• **Task brief**
Exact repetition, pictures omitted: give every record below again.

==*==

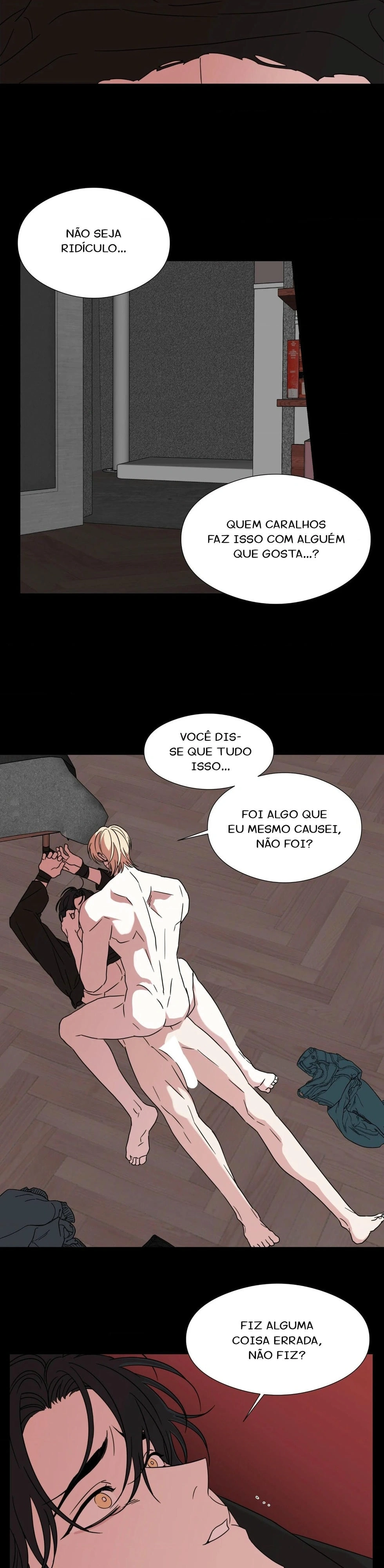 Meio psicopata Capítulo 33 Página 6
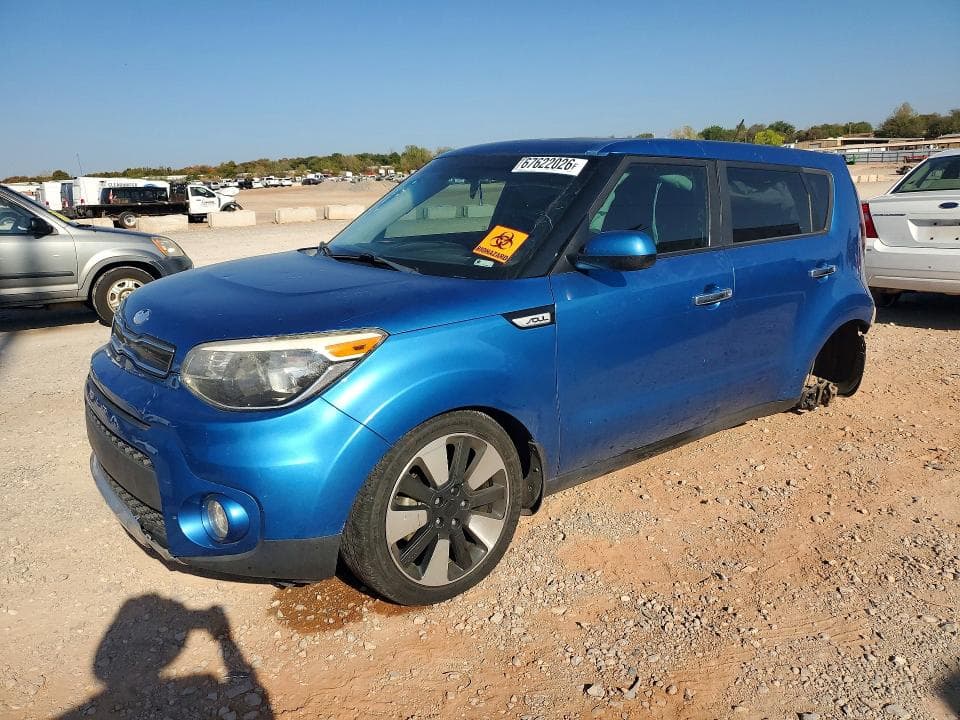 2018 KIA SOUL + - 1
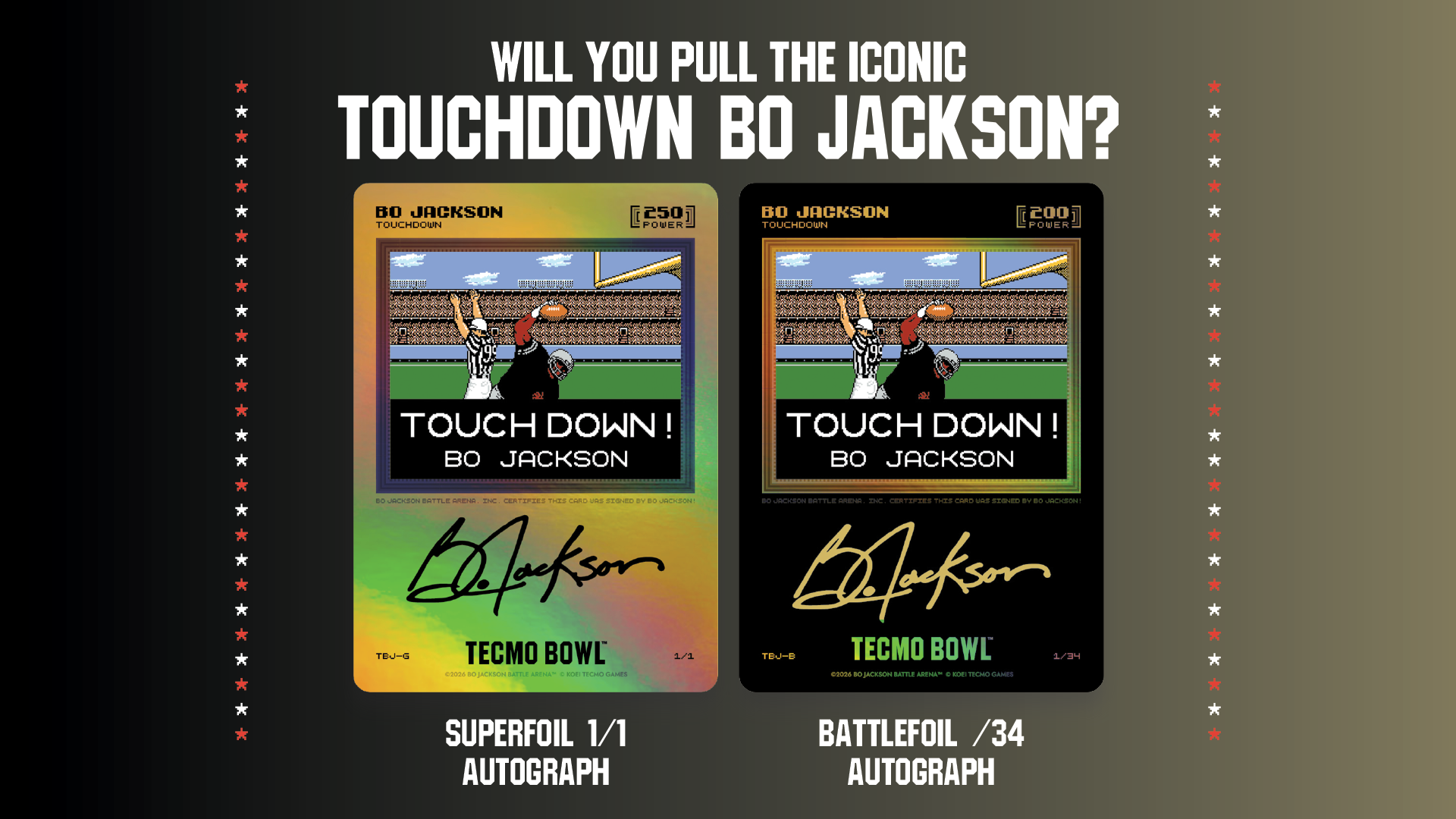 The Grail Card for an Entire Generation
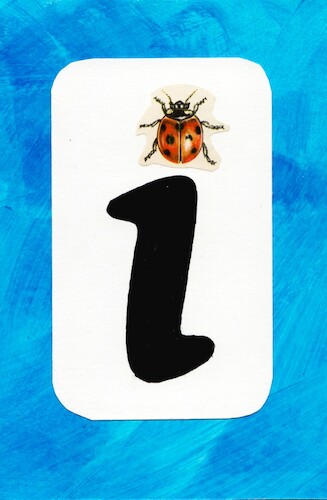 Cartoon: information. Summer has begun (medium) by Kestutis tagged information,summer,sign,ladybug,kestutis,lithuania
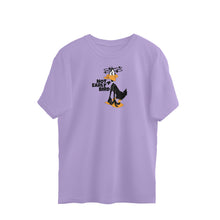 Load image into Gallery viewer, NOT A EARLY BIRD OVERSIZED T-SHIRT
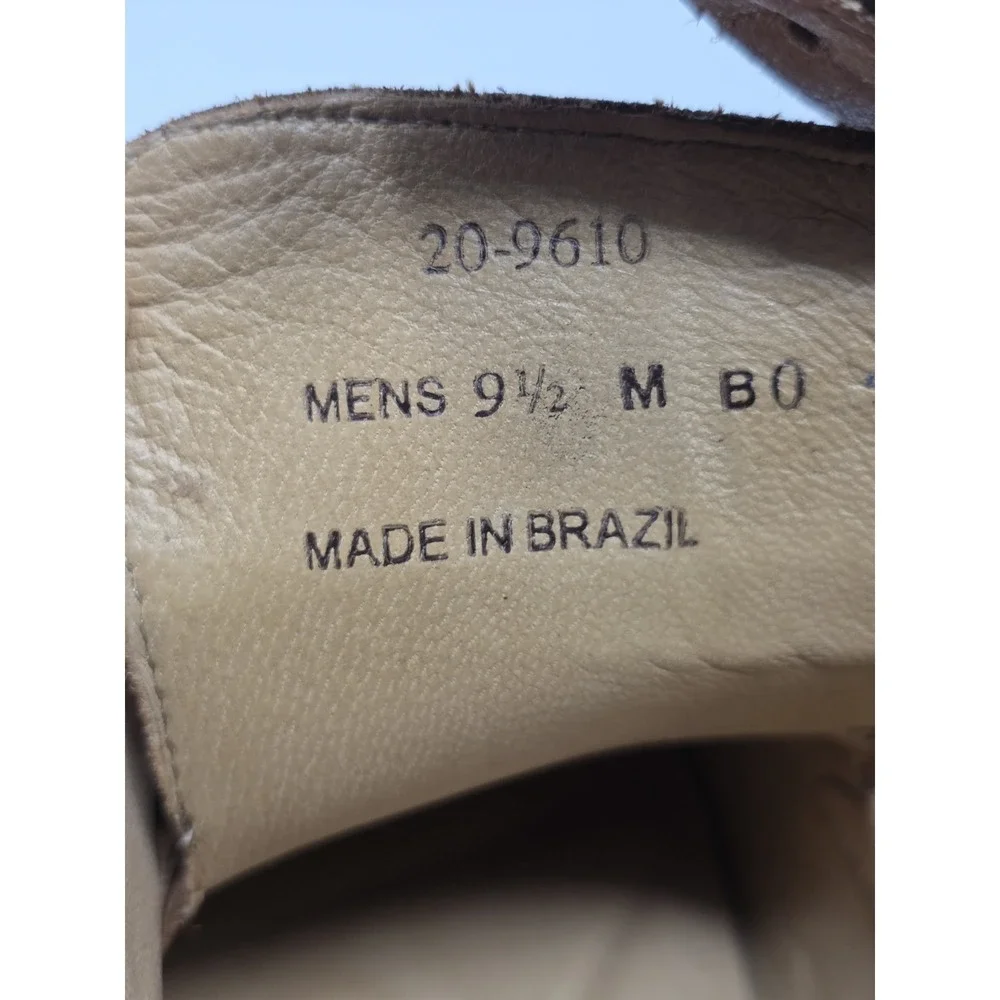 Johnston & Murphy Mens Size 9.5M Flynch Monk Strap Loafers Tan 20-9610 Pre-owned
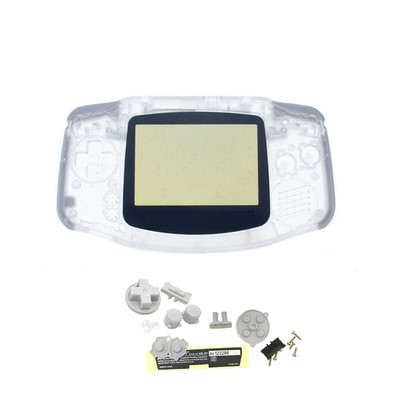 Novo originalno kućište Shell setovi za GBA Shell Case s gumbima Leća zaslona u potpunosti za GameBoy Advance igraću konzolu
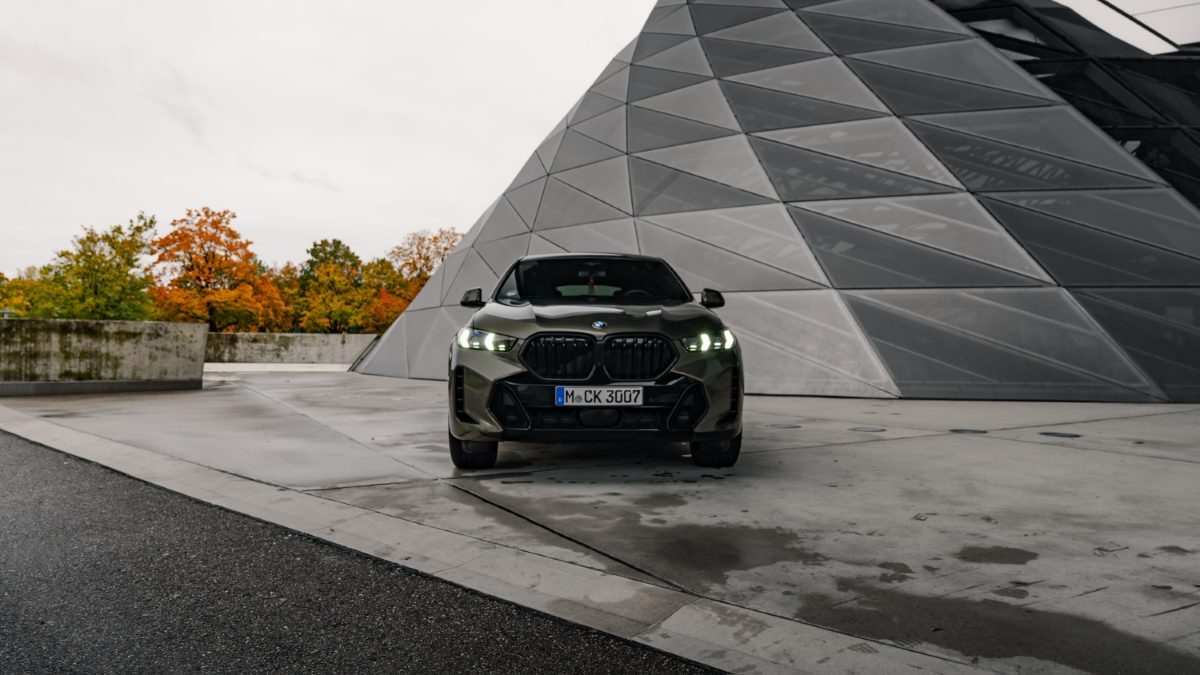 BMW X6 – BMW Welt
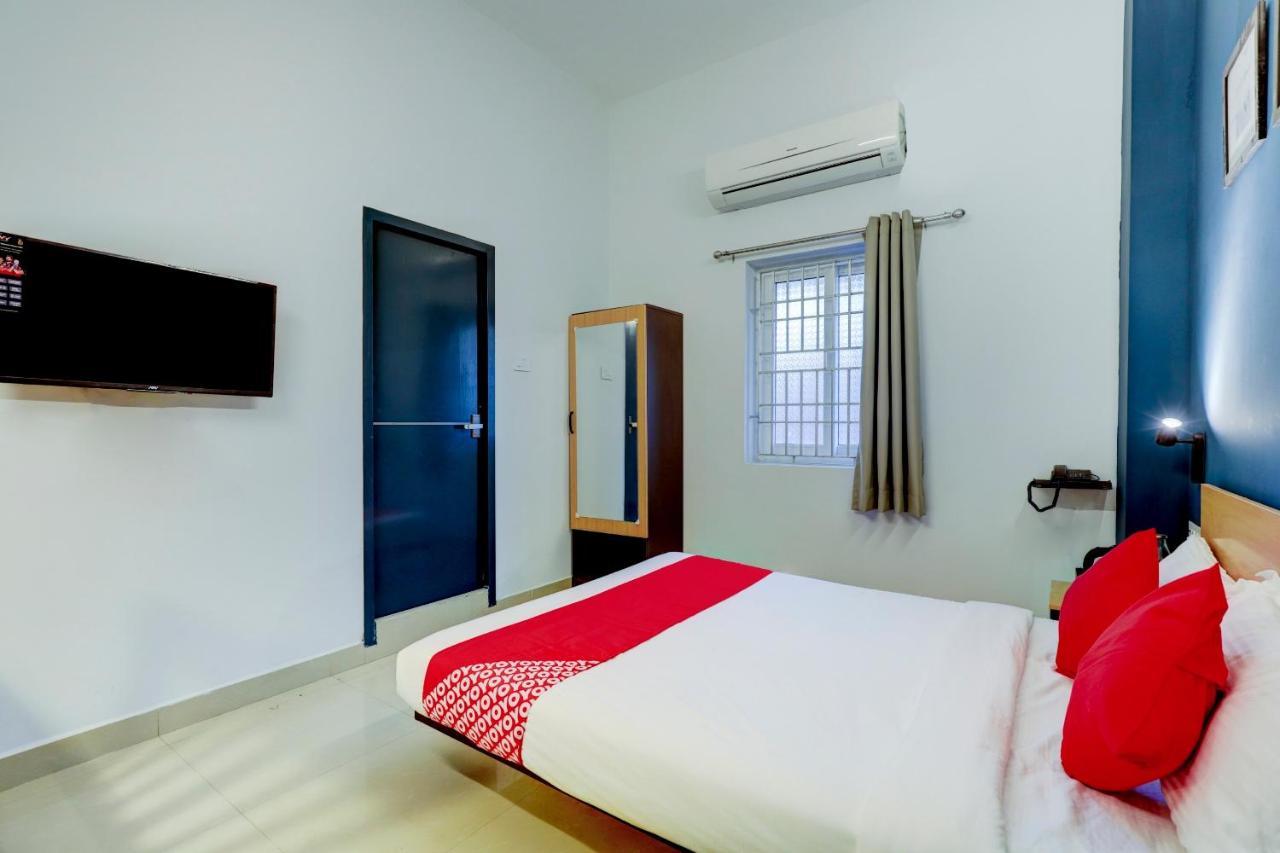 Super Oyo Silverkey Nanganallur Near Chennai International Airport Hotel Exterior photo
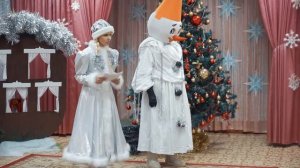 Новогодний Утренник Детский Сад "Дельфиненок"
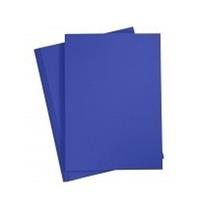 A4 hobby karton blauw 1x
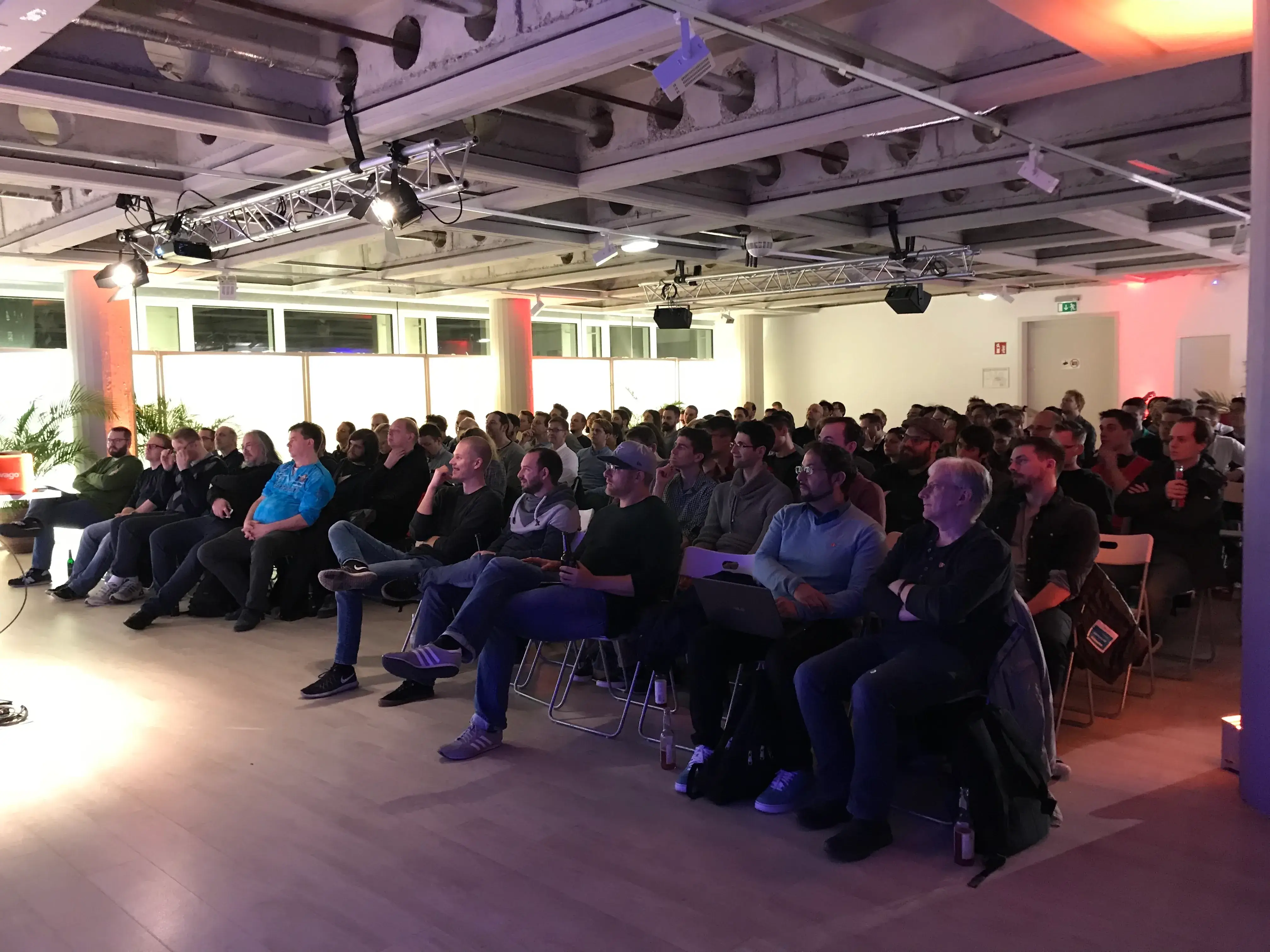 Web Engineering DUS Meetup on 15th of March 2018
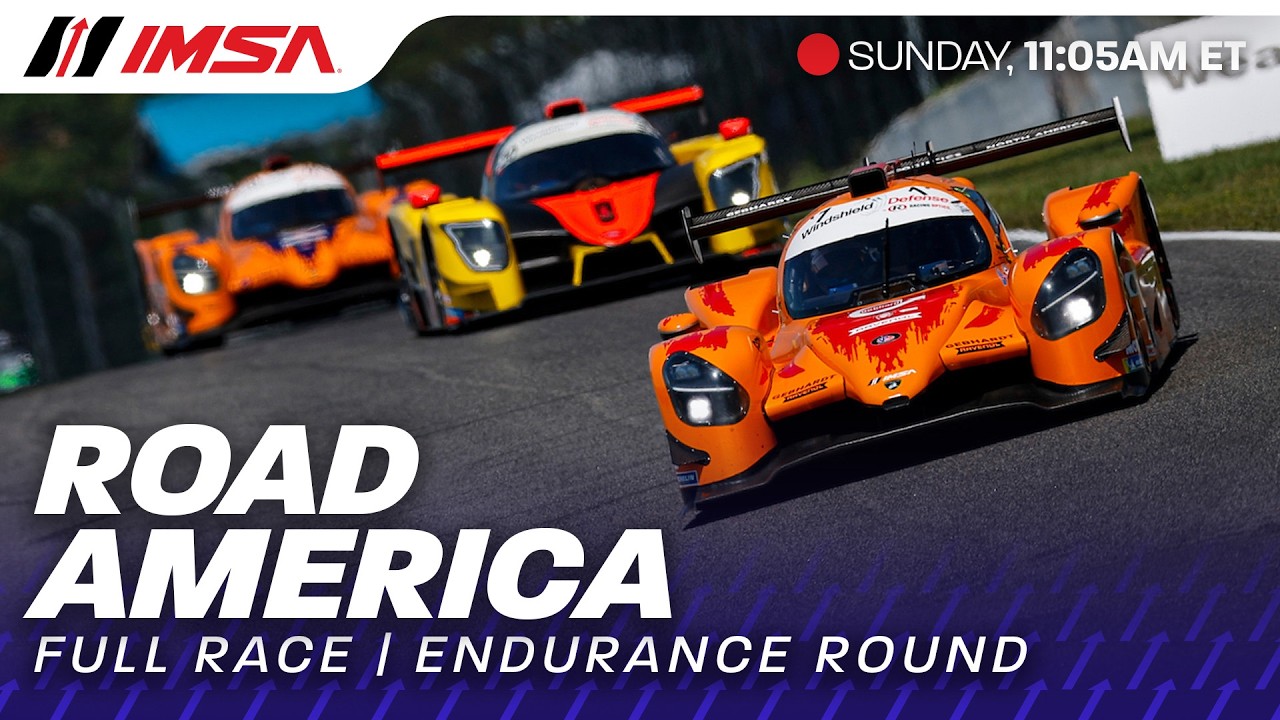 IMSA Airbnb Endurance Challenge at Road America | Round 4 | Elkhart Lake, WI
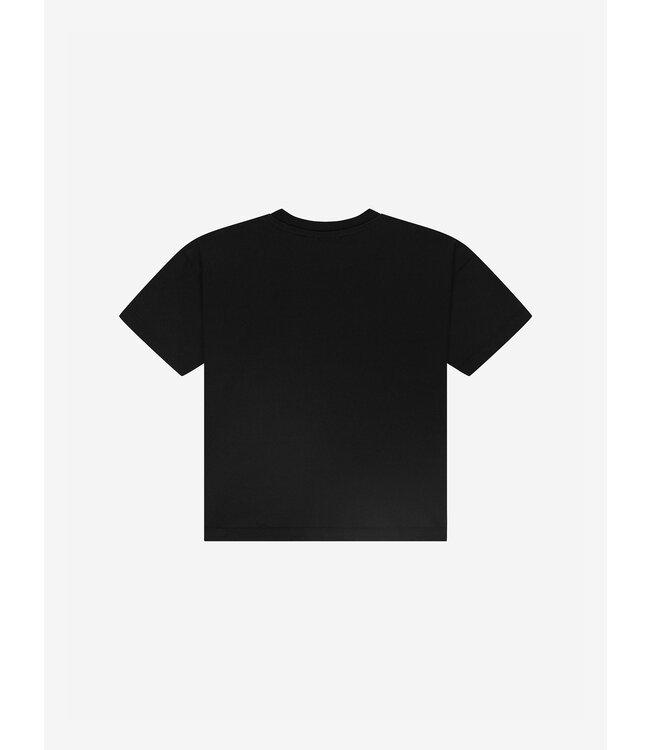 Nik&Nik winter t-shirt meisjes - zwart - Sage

==*==

• **Answer**
 Meio psicopata Capítulo 33 Página 6
 2018 KIA SOUL + - 1
 The Grail Card for an Entire Generation
 Cartoon: information. Summer has begun (medium) by Kestutis tagged information,summer,sign,ladybug,kestutis,lithuania
 Load image into Gallery viewer, NOT A EARLY BIRD OVERSIZED T-SHIRT
 Johnston & Murphy Mens Size 9.5M Flynch Monk Strap Loafers Tan 20-9610 Pre-owned
 Novo originalno kućište Shell setovi za GBA Shell Case s gumbima Leća zaslona u potpunosti za GameBoy Advance igraću konzolu
 BMW X6 – BMW Welt
 Super Oyo Silverkey Nanganallur Near Chennai International Airport Hotel Exterior photo
 Новогодний Утренник Детский Сад "Дельфиненок"
 A4 hobby karton blauw 1x
 Web Engineering DUS Meetup on 15th of March 2018
 IMSA Airbnb Endurance Challenge at Road America | Round 4 | Elkhart Lake, WI
 Nik&Nik winter t-shirt meisjes - zwart - Sage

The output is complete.